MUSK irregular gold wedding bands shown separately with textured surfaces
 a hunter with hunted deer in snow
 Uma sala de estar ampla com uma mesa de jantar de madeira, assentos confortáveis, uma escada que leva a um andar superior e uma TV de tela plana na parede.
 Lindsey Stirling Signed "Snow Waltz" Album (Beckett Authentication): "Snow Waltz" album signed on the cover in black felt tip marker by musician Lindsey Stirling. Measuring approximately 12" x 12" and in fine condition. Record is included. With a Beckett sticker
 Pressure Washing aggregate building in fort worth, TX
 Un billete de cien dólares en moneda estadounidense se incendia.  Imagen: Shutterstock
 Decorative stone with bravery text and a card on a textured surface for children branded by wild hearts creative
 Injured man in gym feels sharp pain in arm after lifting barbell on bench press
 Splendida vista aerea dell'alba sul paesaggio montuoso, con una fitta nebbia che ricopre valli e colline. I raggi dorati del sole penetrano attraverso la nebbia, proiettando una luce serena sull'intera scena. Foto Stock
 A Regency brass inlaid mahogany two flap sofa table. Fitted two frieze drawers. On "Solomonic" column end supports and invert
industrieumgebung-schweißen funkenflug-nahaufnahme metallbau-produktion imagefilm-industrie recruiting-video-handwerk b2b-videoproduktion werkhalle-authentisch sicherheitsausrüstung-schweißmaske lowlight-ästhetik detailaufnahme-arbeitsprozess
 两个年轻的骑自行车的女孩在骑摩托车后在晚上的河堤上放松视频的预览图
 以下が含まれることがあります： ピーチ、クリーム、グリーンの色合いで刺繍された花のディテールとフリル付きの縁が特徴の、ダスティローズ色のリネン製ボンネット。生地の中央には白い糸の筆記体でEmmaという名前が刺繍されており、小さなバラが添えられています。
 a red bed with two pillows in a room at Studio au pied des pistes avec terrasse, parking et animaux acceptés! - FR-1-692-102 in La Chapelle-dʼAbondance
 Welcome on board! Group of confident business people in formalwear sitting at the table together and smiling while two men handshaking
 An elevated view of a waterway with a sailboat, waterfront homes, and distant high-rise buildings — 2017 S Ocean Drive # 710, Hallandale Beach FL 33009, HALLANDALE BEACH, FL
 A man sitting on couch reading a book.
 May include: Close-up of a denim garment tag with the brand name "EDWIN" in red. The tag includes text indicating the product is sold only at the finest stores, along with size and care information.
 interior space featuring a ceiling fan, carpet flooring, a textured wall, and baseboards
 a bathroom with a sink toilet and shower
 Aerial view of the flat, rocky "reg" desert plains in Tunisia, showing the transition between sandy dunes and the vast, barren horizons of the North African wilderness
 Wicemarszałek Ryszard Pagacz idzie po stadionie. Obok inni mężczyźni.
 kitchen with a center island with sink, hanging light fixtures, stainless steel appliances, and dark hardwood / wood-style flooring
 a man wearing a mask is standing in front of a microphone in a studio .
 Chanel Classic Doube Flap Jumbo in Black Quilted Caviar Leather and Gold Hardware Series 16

=== Exercise goal ===
Copy every line of the listing above exactly.

=== Answer for the task ===
MUSK irregular gold wedding bands shown separately with textured surfaces
 a hunter with hunted deer in snow
 Uma sala de estar ampla com uma mesa de jantar de madeira, assentos confortáveis, uma escada que leva a um andar superior e uma TV de tela plana na parede.
 Lindsey Stirling Signed "Snow Waltz" Album (Beckett Authentication): "Snow Waltz" album signed on the cover in black felt tip marker by musician Lindsey Stirling. Measuring approximately 12" x 12" and in fine condition. Record is included. With a Beckett sticker
 Pressure Washing aggregate building in fort worth, TX
 Un billete de cien dólares en moneda estadounidense se incendia.  Imagen: Shutterstock
 Decorative stone with bravery text and a card on a textured surface for children branded by wild hearts creative
 Injured man in gym feels sharp pain in arm after lifting barbell on bench press
 Splendida vista aerea dell'alba sul paesaggio montuoso, con una fitta nebbia che ricopre valli e colline. I raggi dorati del sole penetrano attraverso la nebbia, proiettando una luce serena sull'intera scena. Foto Stock
 A Regency brass inlaid mahogany two flap sofa table. Fitted two frieze drawers. On "Solomonic" column end supports and invert
industrieumgebung-schweißen funkenflug-nahaufnahme metallbau-produktion imagefilm-industrie recruiting-video-handwerk b2b-videoproduktion werkhalle-authentisch sicherheitsausrüstung-schweißmaske lowlight-ästhetik detailaufnahme-arbeitsprozess
 两个年轻的骑自行车的女孩在骑摩托车后在晚上的河堤上放松视频的预览图
 以下が含まれることがあります： ピーチ、クリーム、グリーンの色合いで刺繍された花のディテールとフリル付きの縁が特徴の、ダスティローズ色のリネン製ボンネット。生地の中央には白い糸の筆記体でEmmaという名前が刺繍されており、小さなバラが添えられています。
 a red bed with two pillows in a room at Studio au pied des pistes avec terrasse, parking et animaux acceptés! - FR-1-692-102 in La Chapelle-dʼAbondance
 Welcome on board! Group of confident business people in formalwear sitting at the table together and smiling while two men handshaking
 An elevated view of a waterway with a sailboat, waterfront homes, and distant high-rise buildings — 2017 S Ocean Drive # 710, Hallandale Beach FL 33009, HALLANDALE BEACH, FL
 A man sitting on couch reading a book.
 May include: Close-up of a denim garment tag with the brand name "EDWIN" in red. The tag includes text indicating the product is sold only at the finest stores, along with size and care information.
 interior space featuring a ceiling fan, carpet flooring, a textured wall, and baseboards
 a bathroom with a sink toilet and shower
 Aerial view of the flat, rocky "reg" desert plains in Tunisia, showing the transition between sandy dunes and the vast, barren horizons of the North African wilderness
 Wicemarszałek Ryszard Pagacz idzie po stadionie. Obok inni mężczyźni.
 kitchen with a center island with sink, hanging light fixtures, stainless steel appliances, and dark hardwood / wood-style flooring
 a man wearing a mask is standing in front of a microphone in a studio .
 Chanel Classic Doube Flap Jumbo in Black Quilted Caviar Leather and Gold Hardware Series 16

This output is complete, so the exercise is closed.